The second example is instances with hugepages. There are two hosts, each with two NUMA nodes and 8 1GB hugepages per node. Two identical instances are booted on the two hosts. Their virtual NUMA topology is one virtual NUMA node and 8 1GB memory pages. They land on their respective host’s NUMA node 0, consuming all 8 of its pages. One instance is live-migrated to the other host. The libvirt driver enforces strict NUMA affinity and does not regenerate the instance XML. Both instances end up on the hosts NUMA node 0, and the live-migrated instance fails to run.

The third example is an instance with a virtual NUMA topology (but without hugepages). If an instance affined to its host’s NUMA node 2 is live migrated to a host with only two NUMA nodes, and thus without a NUMA node 2, it will fail to run.

The first two of these examples are known bugs 1 2.

Use Cases

As a cloud administrator, I want to live migrate instances with CPU pinning without the pin mappings overlapping on the destination compute host.

As a cloud administrator, I want live migration of hugepage-backed instances to work and for the instances to successfully run on the destination compute host.

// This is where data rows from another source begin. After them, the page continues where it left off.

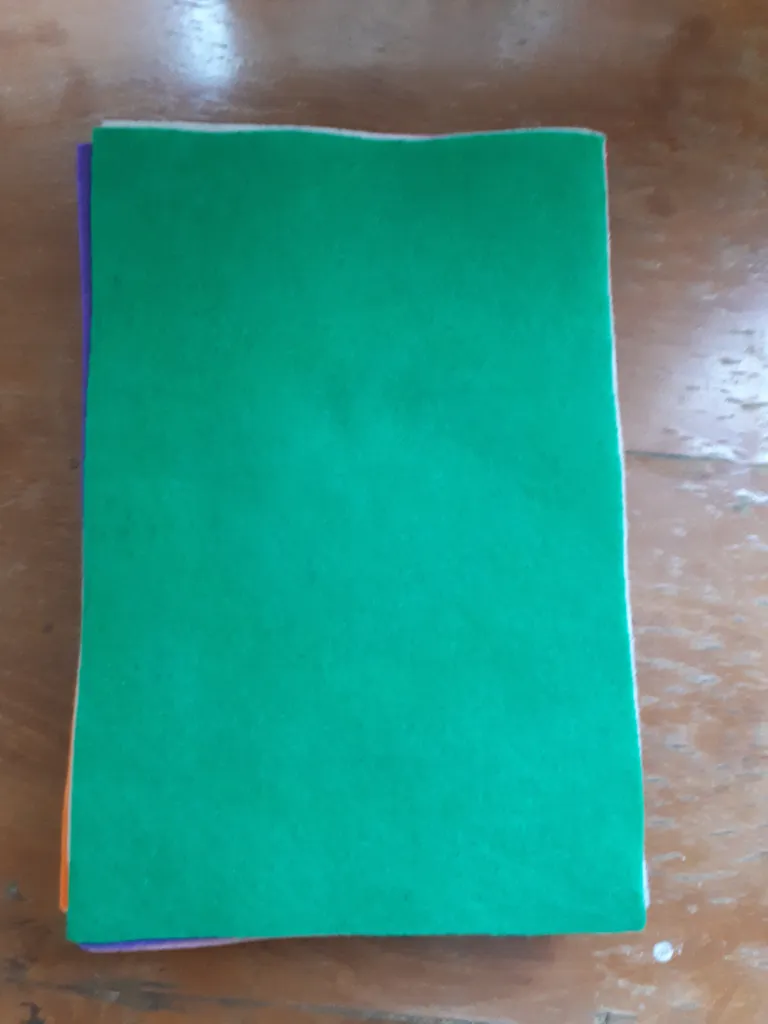 بسته ی 24 رنگی نمد ایرانی هنری ساز کد 1304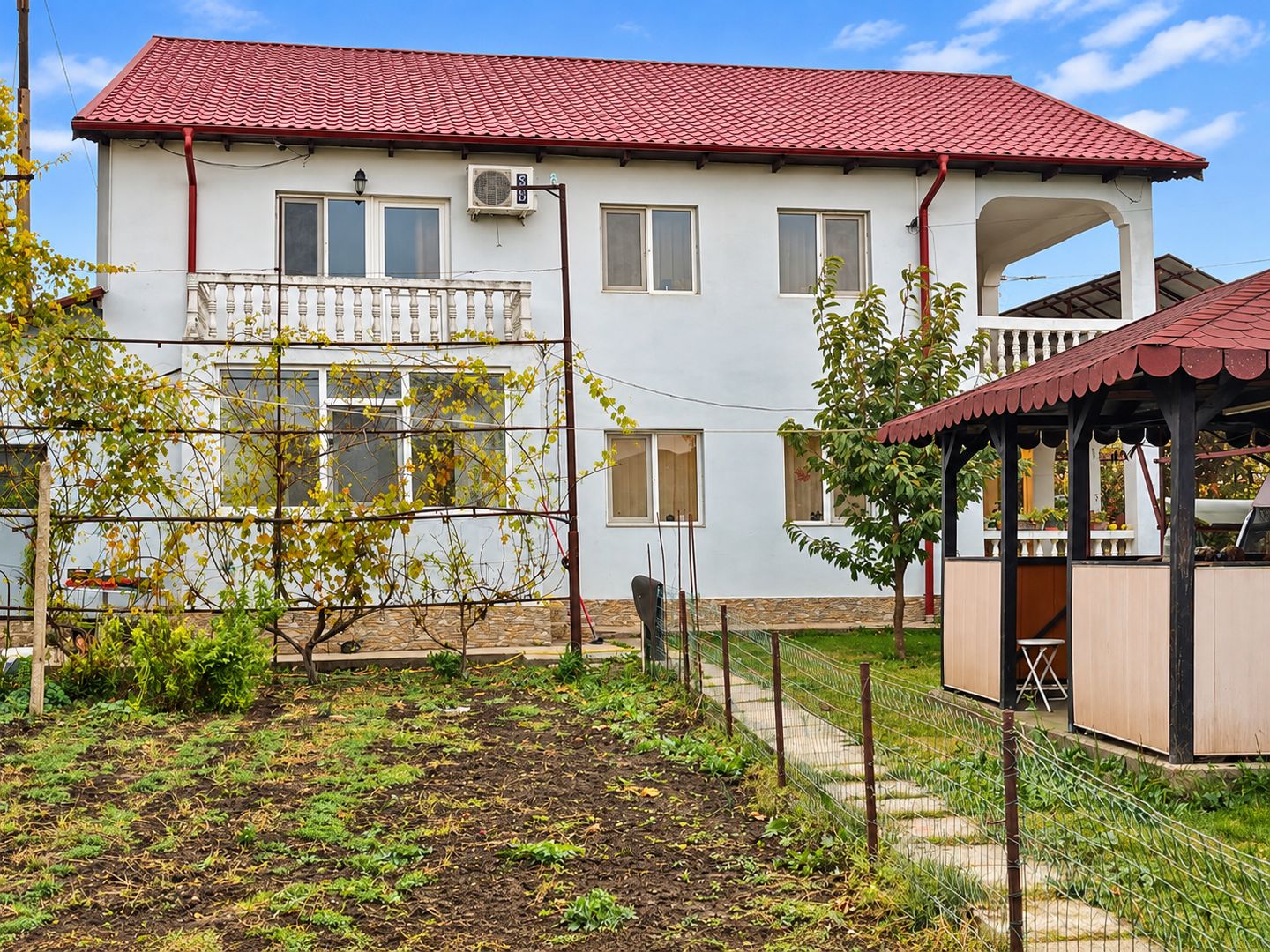 Casă independentă energetic | 387 mp construiți | Teren 1.400 mp - Poză 7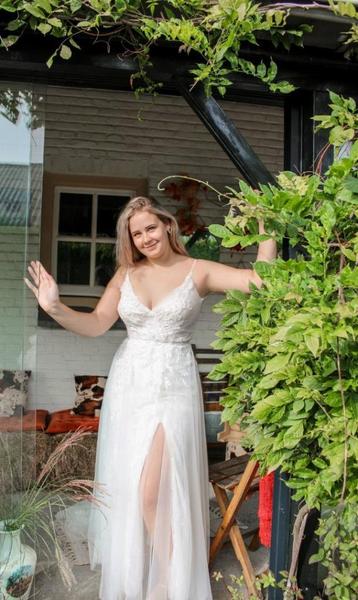 Pronovias Hyperion Trouwjurk | A-lijn | Kant & Tule  beschikbaar voor biedingen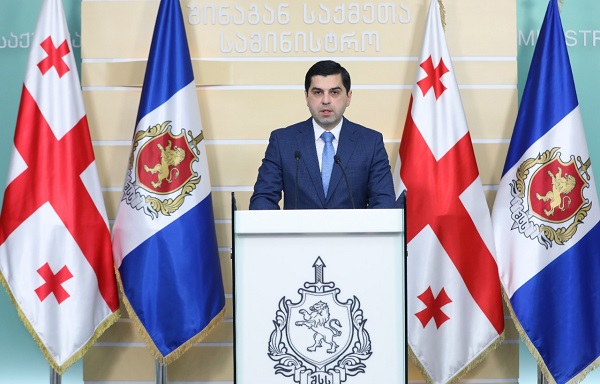 როდესაც პოლიციელის ან საზოგადოების წევრის სიცოცხლის ან ჯანმრთელობის ხელყოფის მყისიერი საფრთხე არსებობს, პოლიციელს აქვს უფლება, გაფრთხილების გარეშე გამოიყენოს სპეციალური საშუალებები - კახაბერ საბანაძე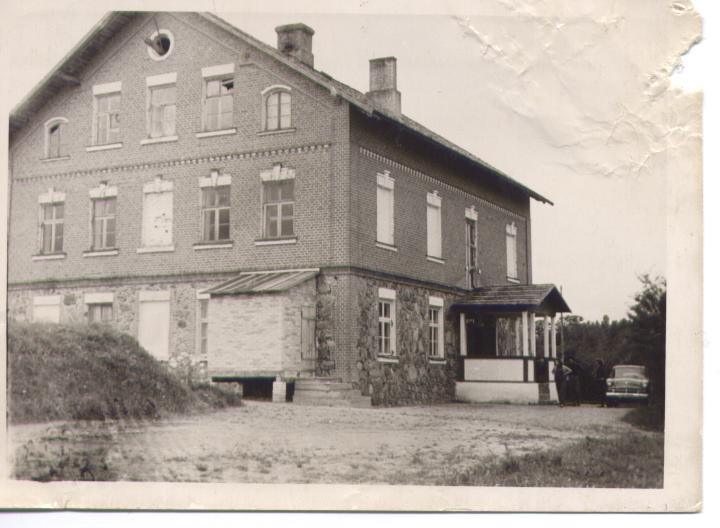 Lüllemäe algkooli hoone 1960. aastal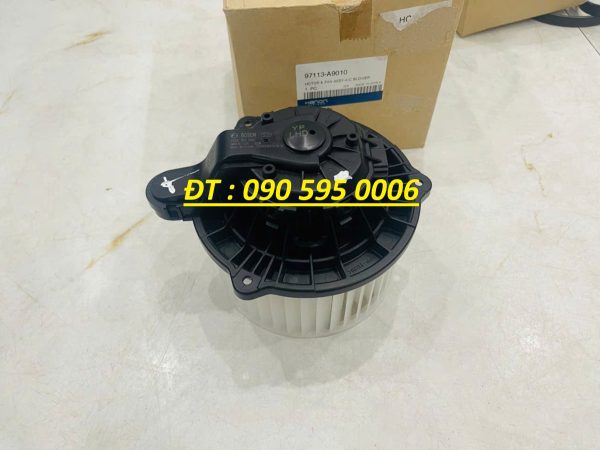 quat-dan-lanh-kia-sedona 97113A9010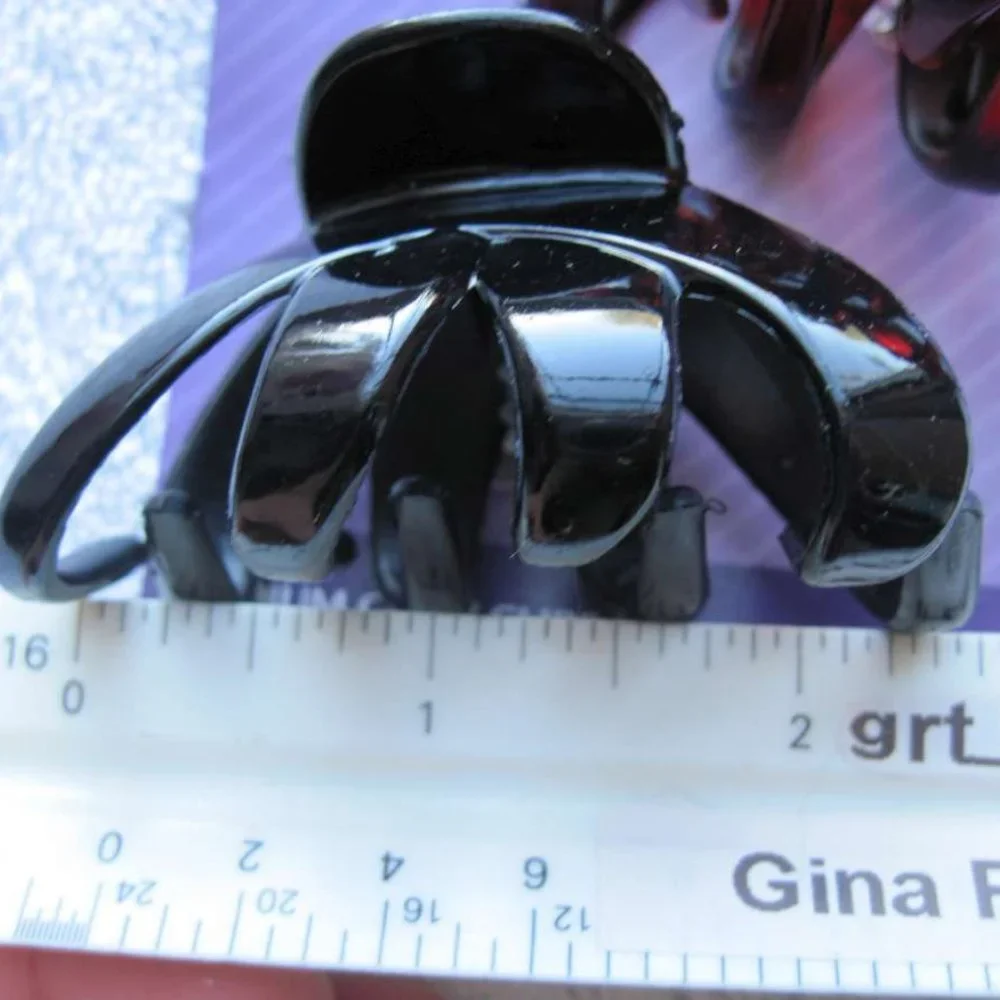 2 Goody Classic Medium Black Tortoise Spider Octopus Plastic Jaw Claw Clips 2.5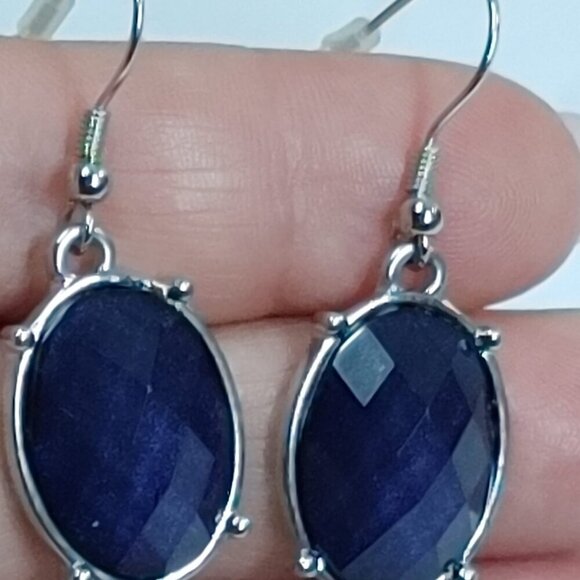 5/$25 Blue stone silver tone Earrings - Picture 3 of 7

As a cloud administrator, I want live migration of instances with an explicit NUMA topology to work and for the instances to successfully run on the destination compute host.

Proposed change

There are five aspects to supporting NUMA live migration. First, the instance’s NUMA characteristics need to be recalculated to fit on the new host. Second, the resources that the instance will consume on the new host need to be claimed. Third, information about the instance’s new NUMA characteristics needs to be generated on the destination (an InstanceNUMATopolgy object is not enough, more on that later). Fourth, this information needs to be sent from the destination to the source, in order for the source to generate the correct XML for the instance to be able to run on the destination. Finally, the instance’s resource claims need to “converge” to reflect the success or failure of the live migration. If the live migration succeeded, the usage on the source needs to be released. If it failed, the claim on the destination needs to be rolled back.

Resource claims

Let’s address the resource claims aspect first. An effort has begun to support NUMA resource providers in placement 3 and to standardize CPU resource tracking 4. However, placement can only track inventories and allocations of quantities of resources. It does not track which specific resources are used. Specificity is needed for NUMA live migration. Consider an instance that uses 4 dedicated CPUs in a future where the standard CPU resource tracking spec 4 has been implemented. During live migration, the scheduler claims those 4 CPUs in placement on the destination. However, we need to prevent other instances from using those specific CPUs. Therefore, in addition to claiming quantities of CPUs in placement, we need to claim specific CPUs on the compute host. The compute resource tracker already exists for exactly this purpose, and it will continue to be used to claim specific resources on the destination, even in a NUMA-enabled placement future.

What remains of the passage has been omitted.